Valentine’s day and the chef said that yesterday’s heart shaped pieces of toast for the boeuf bourguignon were pure coincidence and he wouldn’t be making anything heart shaped today.

We started with a practical making the pepper steak demonstrated yesterday. We had chef Eric for the practical again. I do like him – he has a lot of time for us, is very helpful, but at the same time doesn’t stand any nonsense.

Not a hard practical. Shame we were only given one piece of fillet steak each. Would have liked more.

Plus using the mandolin again. The chef asked us in the demo if we knew how to protect our hands when using it. I muttered to my neighbour ‘Yes, use someone else’s hand.’

Anyway it was just a case of tieing the steak, cutting potatoes on the mandolin, cooking them in a ring in a pan and cooking the steak with peppercorns, then making the sauce. Only difficult bit was not overcooking the steak. I like mine rare and I managed to cook it rare. Learnt the technique of testing the steak by touch which is very useful.

Very tasty for dinner last night – steak au poivre and darphin potatoes. Yummmmmmmy.
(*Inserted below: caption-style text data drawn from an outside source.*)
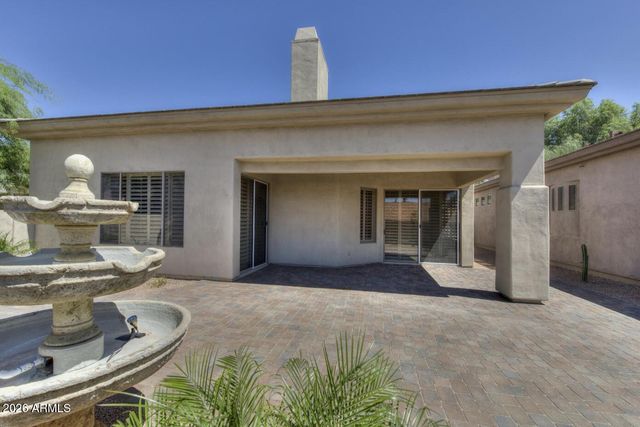 7527 E SUNNYVALE Drive, Scottsdale, AZ 85258
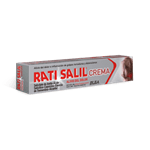 Ratisalil Crema X 40 Gramos #1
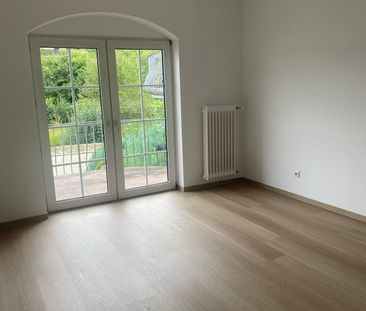 Konz-Könen! Renovierte 3 ZKB Wohnung mit großem Balkon in ruhiger Randlage! - Foto 4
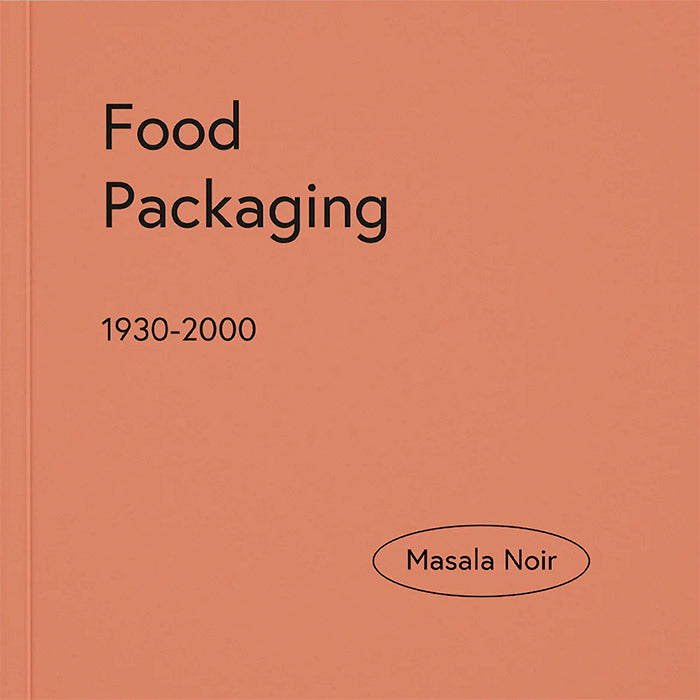 Food Packaging (1930-2000)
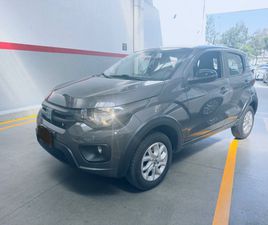 FIAT MOBI FIAT MOBI 1.0 LIKE MT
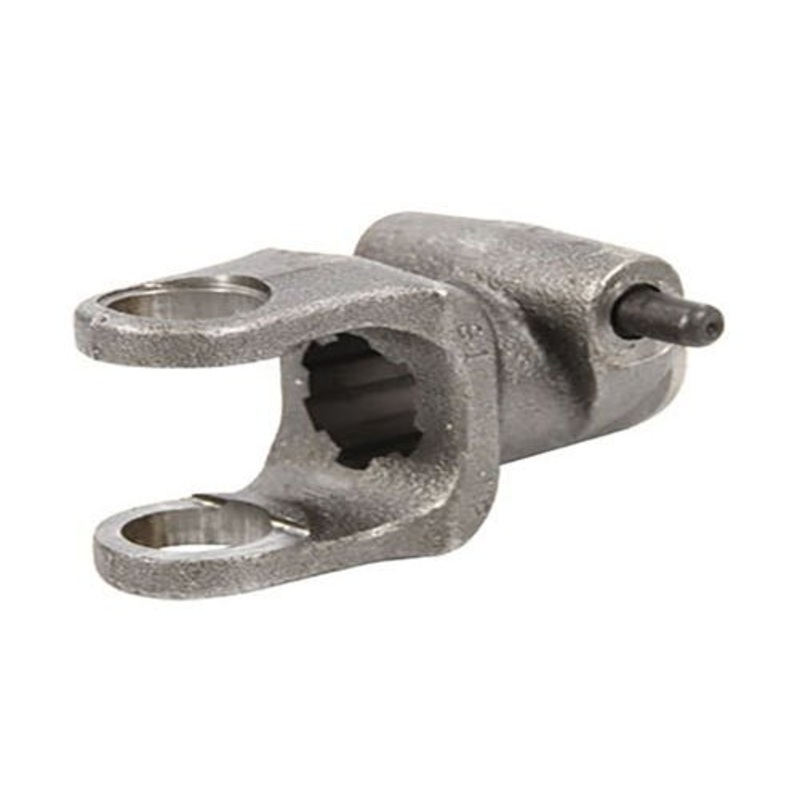 Tractor Yoke with Quick Disconnect 12 Series fits John Deere 190 290 350 205 506 509 606 190 290 350 AC13360 fits Ford 22-127 908 501 515 515 149147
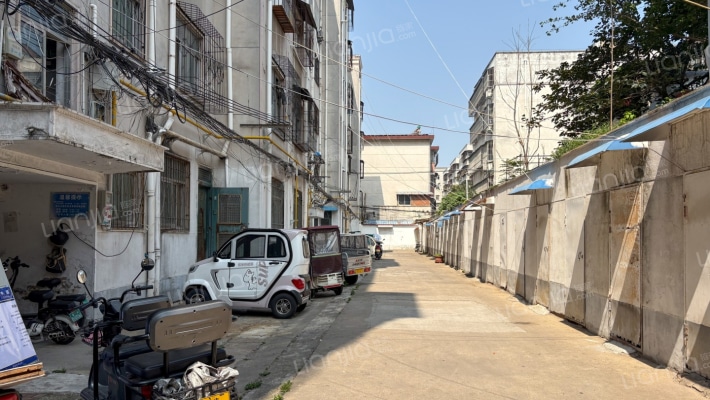 永生文体家属院外景图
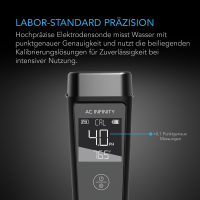 AC Infinity pH-Meter Kit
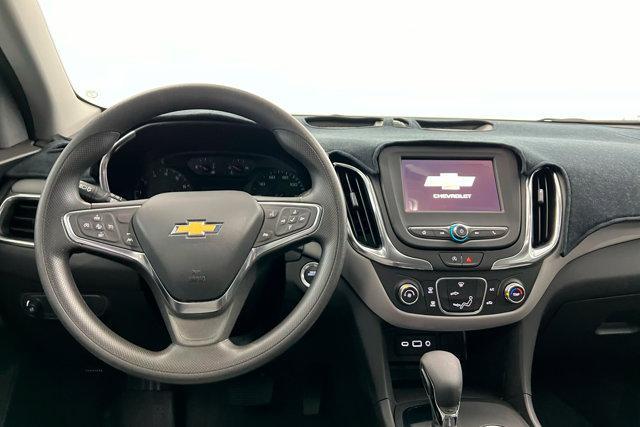 used 2024 Chevrolet Equinox car, priced at $24,001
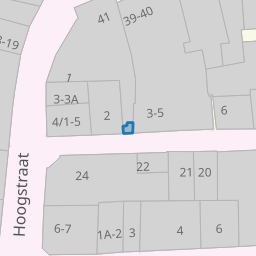 Perceel AHM01-O-1654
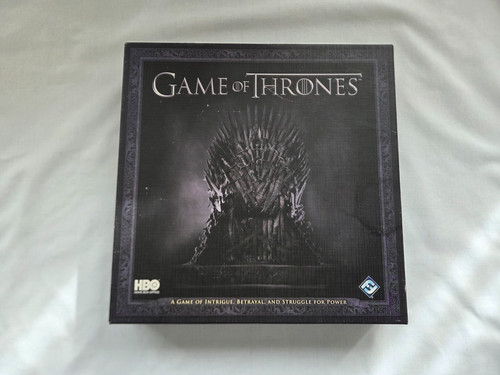 Game thrones gioco - game, di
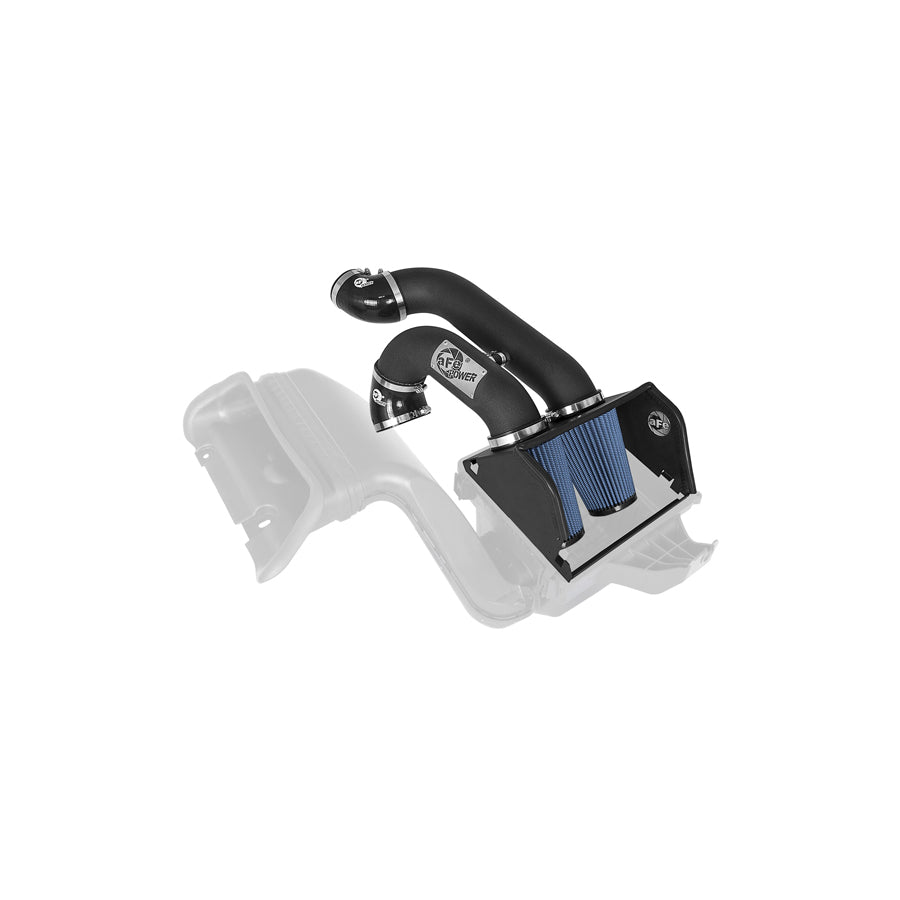  aFe 54-22972-B Open Element Intake Ford F-150/Raptor 17-20 V6-3.5L (tt)/Expedition 18-21 V6-3.5L (tt)  | Duco Car Parts UK Car Parts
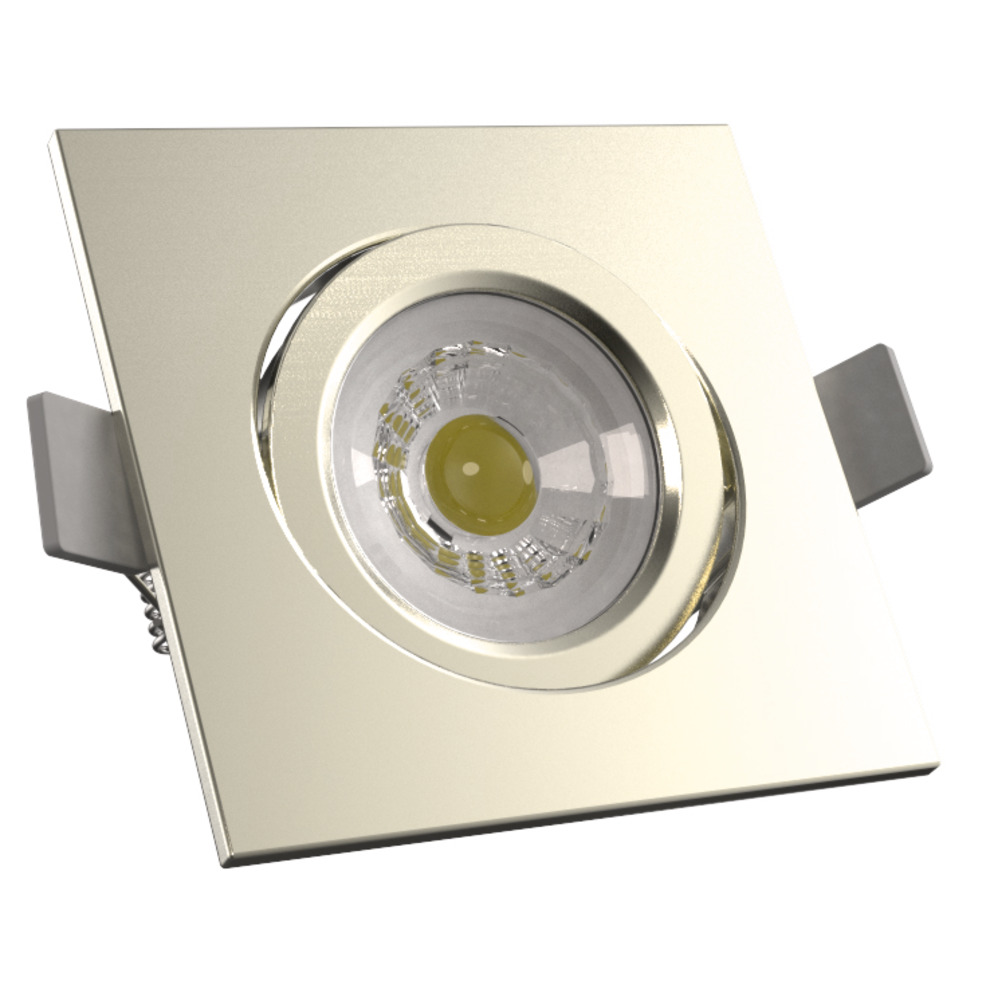 Produktbild LEDXON LED Einbaustrahler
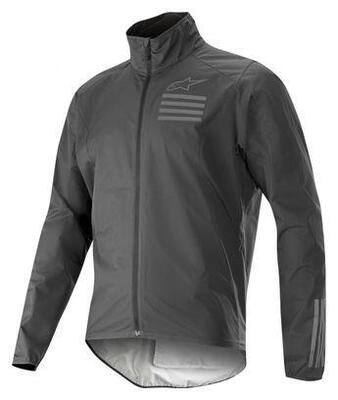 Alpinestars descender v3 jacket black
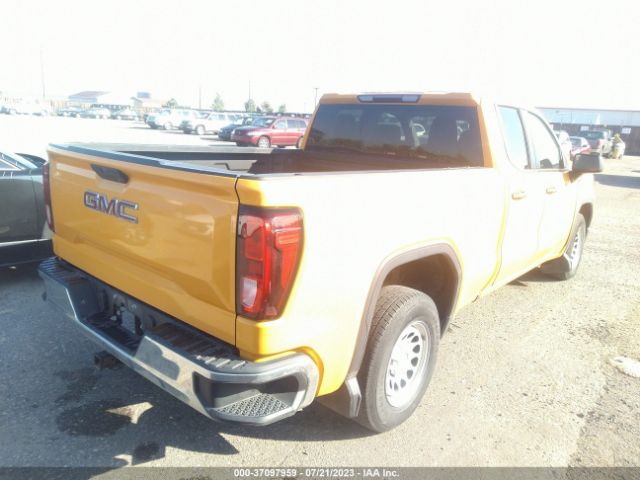 1GTR8AEK0LZ257689 GMC SIERRA 1500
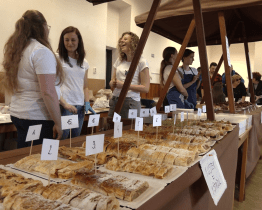 Derflanský košt – chuťový ráj v srdci Slovácka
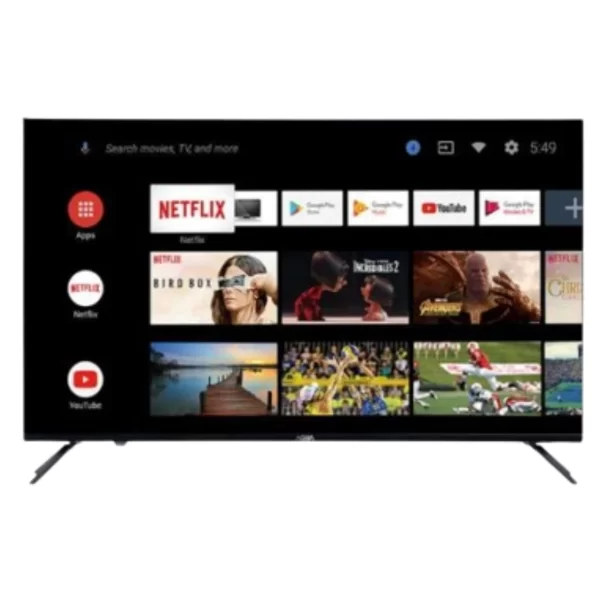 TV Google 32` AQUA K 701- AF - Gambar 2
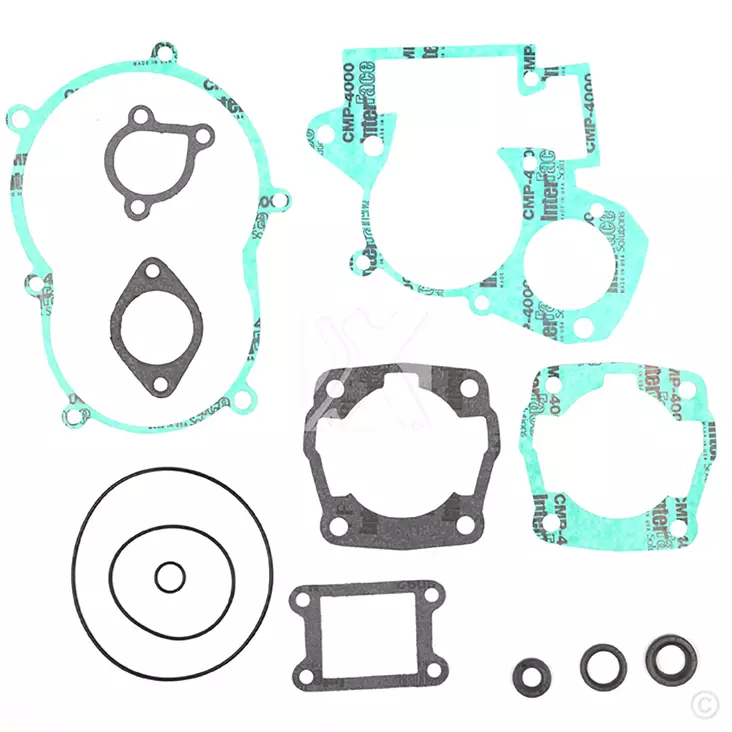 ProX Complete Gasket Set KTM50SX '01-08 LC - Motocross fullständig tätningssats - 400-34-6011 - 1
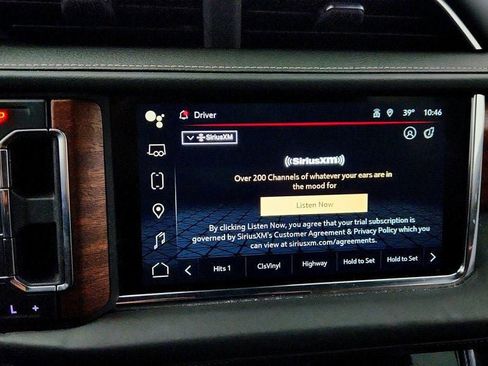 Used 2023 GMC Yukon Denali Ultimate AWD/4WD image 18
Next we had a demonstration on pork with chef Gilles.

He made a roast rack of pork with pommes boulangere and a pork cutlet with mashed potato.

The rack of pork was prepared similarly to the rack of lamb last week with fat, sinew and skin removed (no crackling!!). Then it was browned and roasted on the trimming and mirepoix. Once roasted, the sauce was made by deglazing the pan with veal stock and reducing.

The pommes boulangere was sliced potatoes layered with sautéed sliced onions in a gratin dish, then covered in chicken stock and baked in the oven until the potatoes were soft and the stock all absorbed.

The pork cutlet was just a slice off the rack of pork above, with one bone. The chef trimmed the cutlet to just a circle of meat attached to a clean bone, wrapped a strip of fat around it. tied to preserve the shape. It was marinated in olive oil and sage, then browned on both sides then finished in the oven for 10 to 15 minutes.
The sauce was made from the trimmings of pork, browned in the pan, then a sautéed shallot, deglazed with white wine, then veal stock, reduced and finished with a little honey, lemon juice, mustard and sage leaves.

For the mash, potatoes were boiled and then pushed through a drum sieve, which is a large flat sieve in a cylinder and looks like something from a gold panning camp. Then finished off with milk, lots of butter, salt, pepper and nutmeg.